PROVIDED MATERIAL:
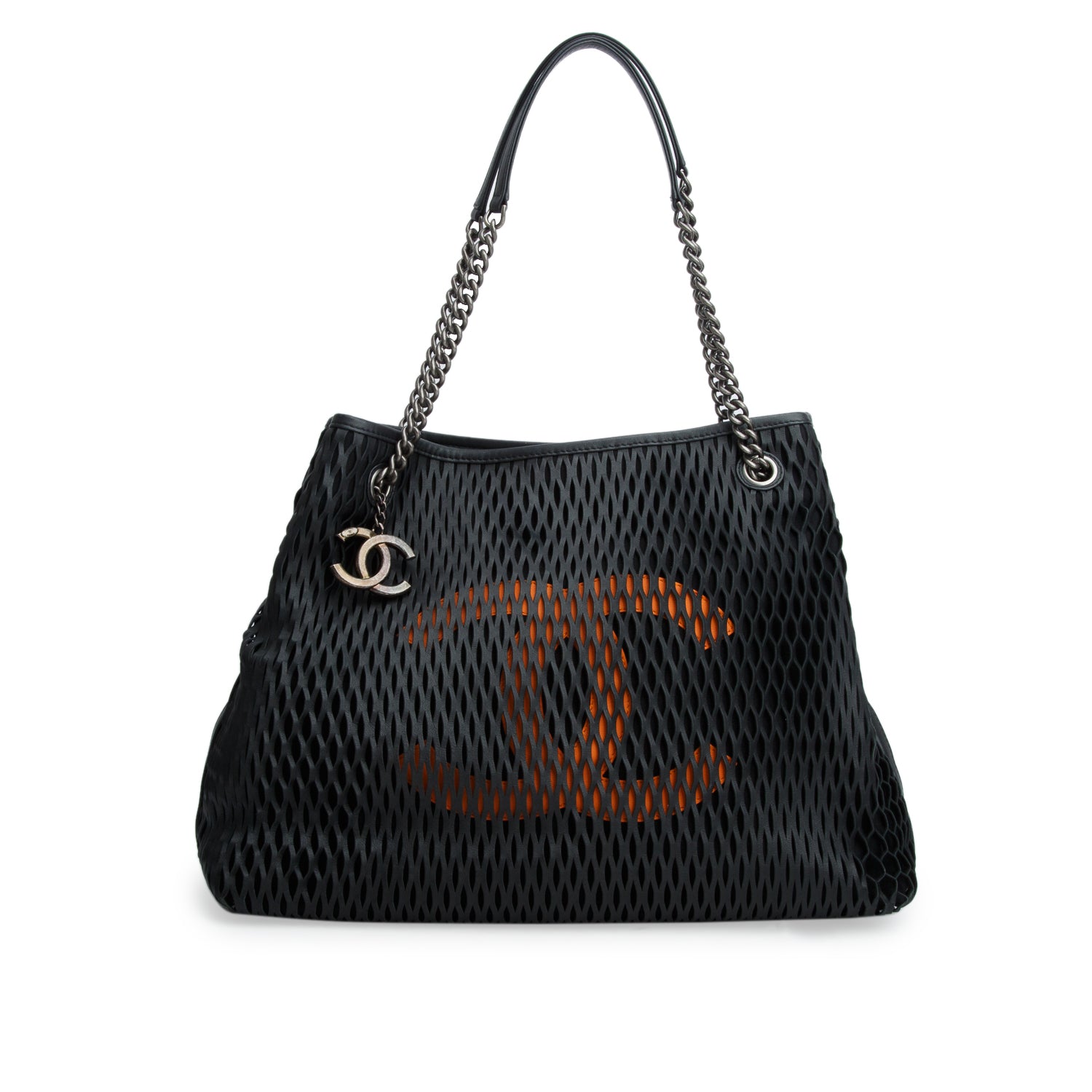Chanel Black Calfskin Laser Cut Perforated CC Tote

--

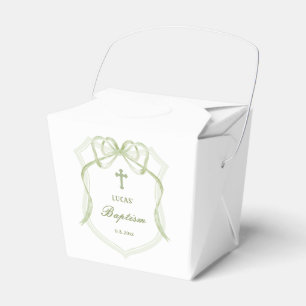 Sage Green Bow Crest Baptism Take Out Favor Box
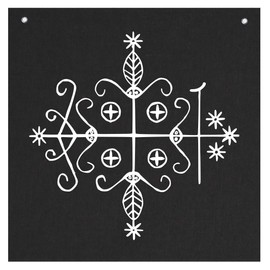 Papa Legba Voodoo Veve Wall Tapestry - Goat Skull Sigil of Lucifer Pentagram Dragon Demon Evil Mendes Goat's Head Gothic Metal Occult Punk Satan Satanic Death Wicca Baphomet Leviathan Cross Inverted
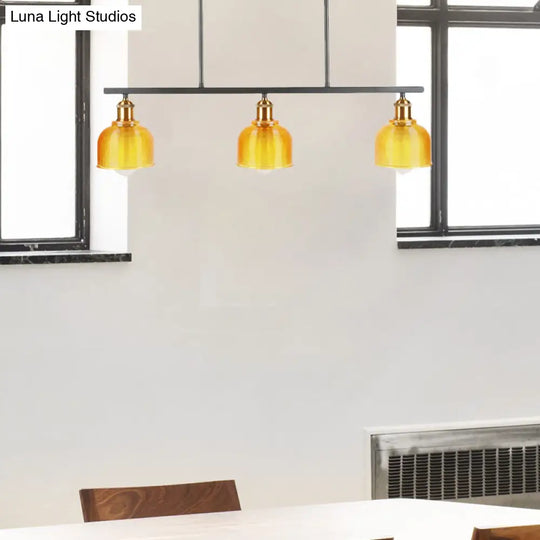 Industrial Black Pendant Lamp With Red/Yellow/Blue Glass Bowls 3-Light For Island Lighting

TASK STATEMENT:
What should come back is an exact copy of the lines above from the line with "Papa Legba Voodoo" to the line with "Industrial Black Pendant", both included, minus the pictures.

RESPONSE TO THIS TASK:
 Papa Legba Voodoo Veve Wall Tapestry - Goat Skull Sigil of Lucifer Pentagram Dragon Demon Evil Mendes Goat's Head Gothic Metal Occult Punk Satan Satanic Death Wicca Baphomet Leviathan Cross Inverted
 Industrial Black Pendant Lamp With Red/Yellow/Blue Glass Bowls 3-Light For Island Lighting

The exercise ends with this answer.